Feb 10 (Reuters) – Alphabet has sold bonds worth $20 billion in a seven-part offering, tapping the debt market to fund its surging spending on artificial intelligence infrastructure.
The disclosure on Tuesday underscored Big Tech’s growing appetite for credit, in a shift away from years of relying on strong cash flows to fund investment in new technologies.
The pivot has raised investor concerns as payoffs remain small from the hundreds of billions of dollars U.S. tech giants are pouring into AI.
Their capital expenditure is expected to total at least $630 billion this year, with most of spending focused on data-centers and the AI chips that power them.
Last week, Alphabet said it would spend as much as $185 billion this year.
The seven tranches of Alphabet’s notes mature every few years, starting in 2029, and go all the way up to 2066.
The company is also planning a debut sterling offering which could include a rare 100-year bond, according to some media reports.

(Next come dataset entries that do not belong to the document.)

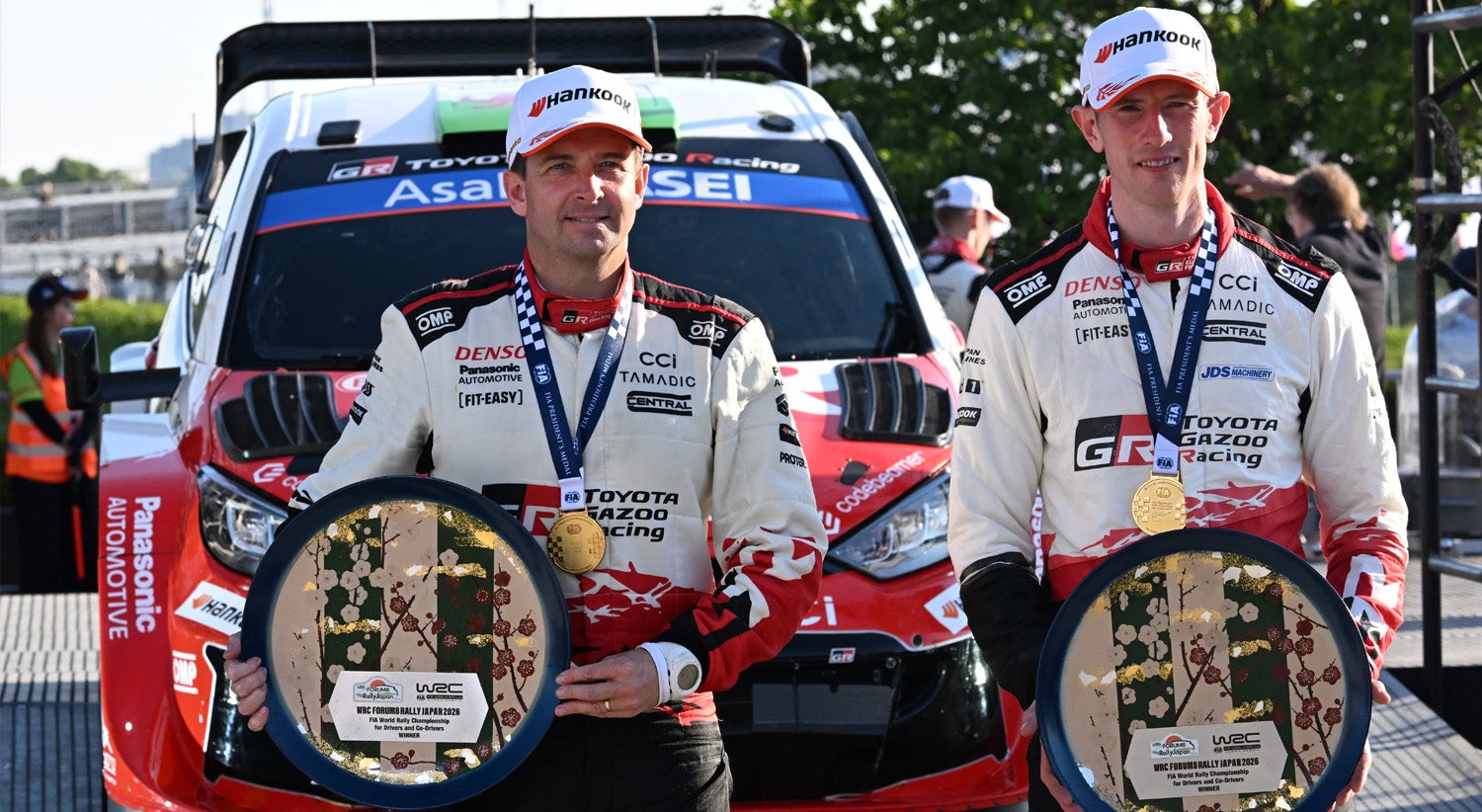 Elfyn Evans vence Rali do Japão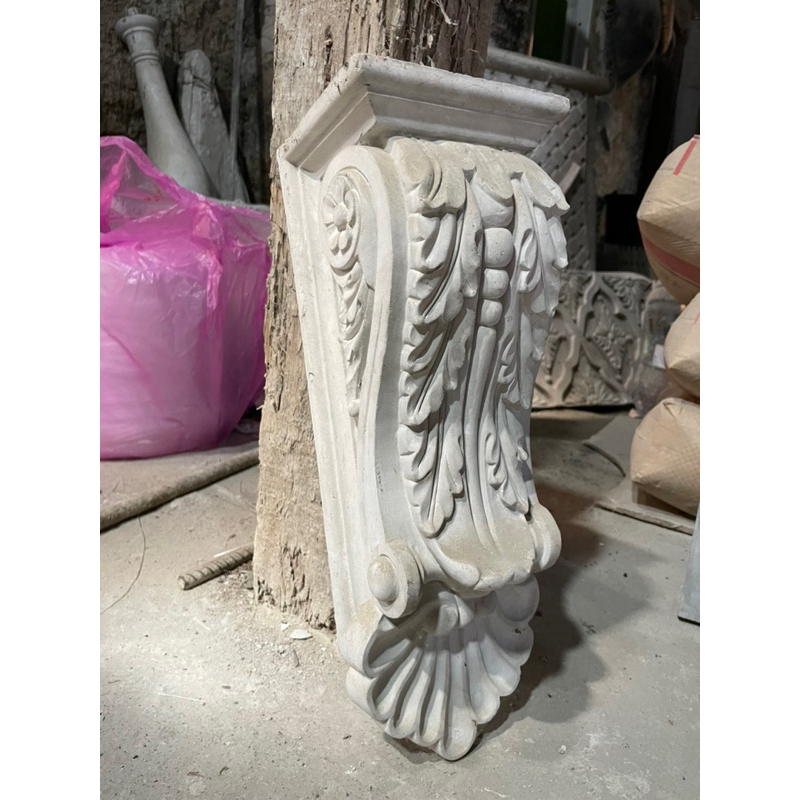 ornamen konde/korbel kusen jendela rumah klasik minimalist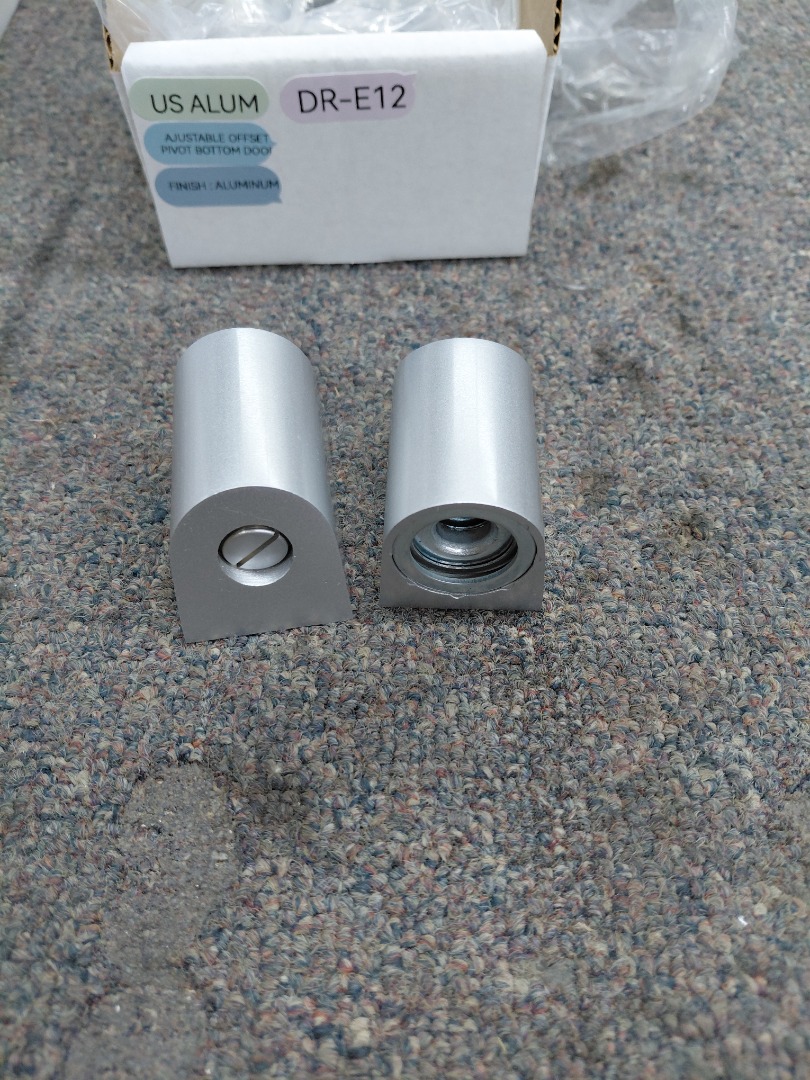 US ALUM AJUSTABLE OFFSET PIVOT BOTTOM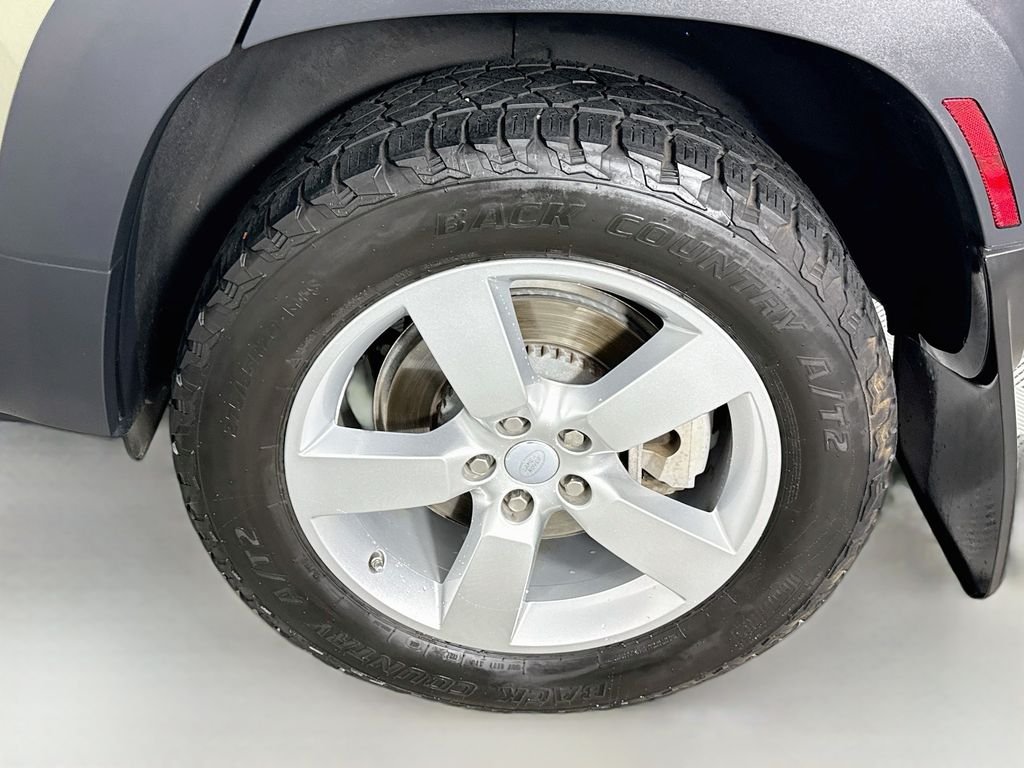 Used 2020 Pangea Green Metallic Land Rover First Edition image 25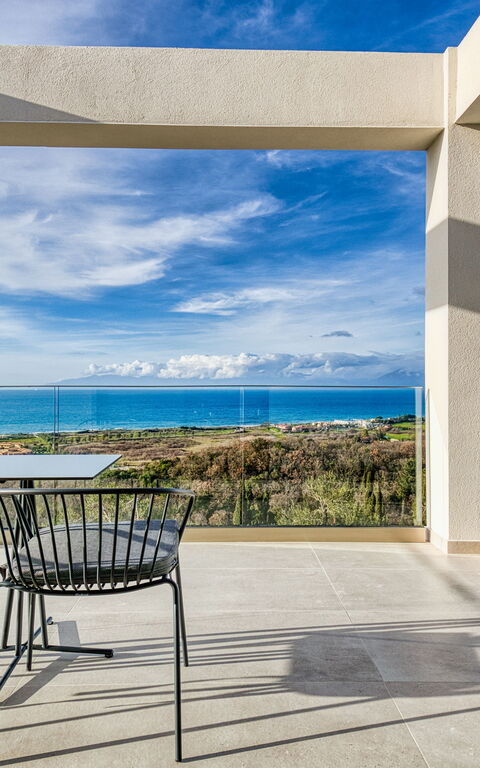 Villa Dominante: Altan / terrasse / gårdhave, Udendørs, Udvendige, Visninger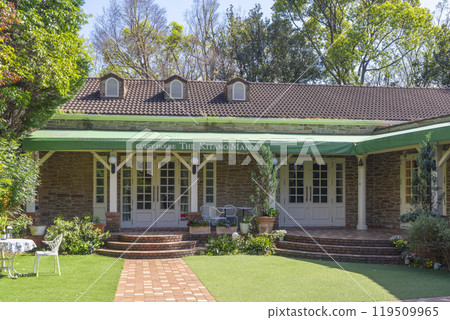 Kobe Kitano Le Van Vert Kobe Kitano Le Van Vert 119509965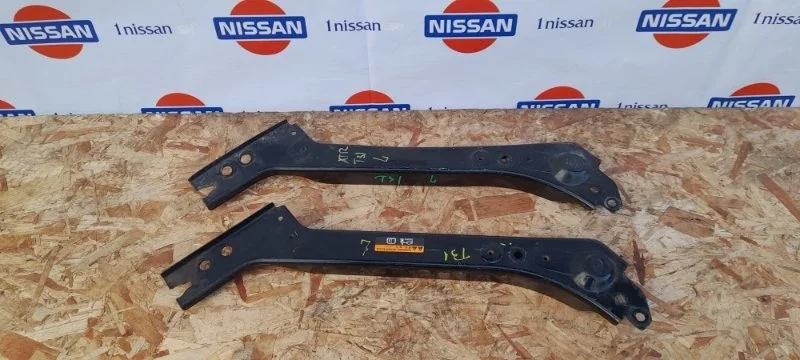 Панель радиатора ( телевизор) Nissan X Trail 2007-2014 62513JG00A T31 MR020, передний левый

“Century bonds are usually the preserve of governments or regulated utilities with very predictable cash flows, so this deal shows that, at least for now, investors are willing to take on very long-dated risk tied to AI investment,” said Lale Akoner, global market analyst at eToro.
Alphabet’s announcement follows a $25 billion note sale by Oracle disclosed on February 2 in a securities filing.
The five major AI hyperscalers – Amazon, Google, Meta, Microsoft and Oracle – issued $121 billion in U.S. corporate bonds last year, according to a January report by BofA Securities.